Brasília, novembro de 2018
A ABA vem se manifestar diante da Declaração e Nota Pública publicada por Edward Luz no Estadonet de 16 de outubro de 2018. A nota revela teor pautado em total desacordo com os direitos assegurados na Constituição Federal de 1988. Desconsidera que o direito à autoidentificação étnica já foi julgado constitucional pelo Supremo Tribunal Federal (STF) em 08 de fevereiro de 2018, por ocasião do julgamento da Ação de Inconstitucionalidade (ADI) nº 3239, tornando inválido qualquer questionamento jurídico ou administrativo neste sentido no país.
A Nota Pública revela visível afronta ao que assegura a Convenção 169 da Organização Internacional do Trabalho e o Decreto 4.887/2003, no que diz respeito ao direito à autoconsciência da identidade indígena ou quilombola.
Não é excessivo retomar as orientações da Convenção OIT 169 que, como assinala a procuradora Duprat, supera as classificações totalizantes, “porque são, como denunciado pelos estudos culturais, categorias discursivas em torno das quais se organizou um sistema de poder e exclusão; porque são formas de racismo, ao destacarem determinadas características de um grupo e representá-las como fixas, inerentes, transmitidas pela cultura e pela herança biológica. (…) Por outro lado, é preciso resistir à tentação de essencializar comunidades, como entidades orgânicas, autossuficientes e autônomas.

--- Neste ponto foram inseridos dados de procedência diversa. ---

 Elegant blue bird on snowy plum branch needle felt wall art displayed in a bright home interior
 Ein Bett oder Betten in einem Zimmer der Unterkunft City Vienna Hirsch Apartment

A despeito de permanecerem distintas, são atravessadas constantemente pelo entorno. Isso não significa declínio ou perda de identidade, mas, antes, identidades que se fortalecem pela abertura de novas possibilidades. (…)” (Duprat 2014:60).
O Quilombo Tiningu teve Portaria de reconhecimento e demarcação publicada no Diário Oficial da União em 15 de outubro de 20108, reconhecendo um território quilombola de 3.850 hectares onde vivem cerca de 90 famílias. O processo de reconhecimento deste território pelo INCRA está regulamentado pelo Decreto 4.887/2003, que estabelece os ritos para um procedimento administrativo adequado, resguardando inclusive etapa para contestações e de recursos, não cabendo recursos externos, como a Nota intimida.
Ignorando esses ritos legais, a Nota ao evocar a tese de ´fraude étnica´ suspeita da existência de identidades indígenas, quilombolas e das comunidades tradicionais. Diante do exposto, a ABA refuta a Nota Técnica.
A ABA recomenda às autoridades a imediata titulação do território quilombola pelo INCRA, bem como a rigorosa investigação policial pelo assassinato do quilombola Haroldo Betcel, ocorrido em setembro de 2018, devido a conflitos em torno dessa regularização fundiária, de forma a coibir as intensas ameaças e o acirramento dos conflitos e garantir à proteção ao território e comunidade quilombola.
A ABA reitera que o direito quilombola não promove o conflito étnico e a segregação etnoracial. O reconhecimento e regularização dos territórios são direitos conquistados historicamente pelas comunidades quilombolas e pelas populações negras do Brasil, assegurando o seu patrimônio cultural afro-brasileiro, como prevê a Constituição Federal e para que continuem existindo como expressões da nacionalidade brasileira.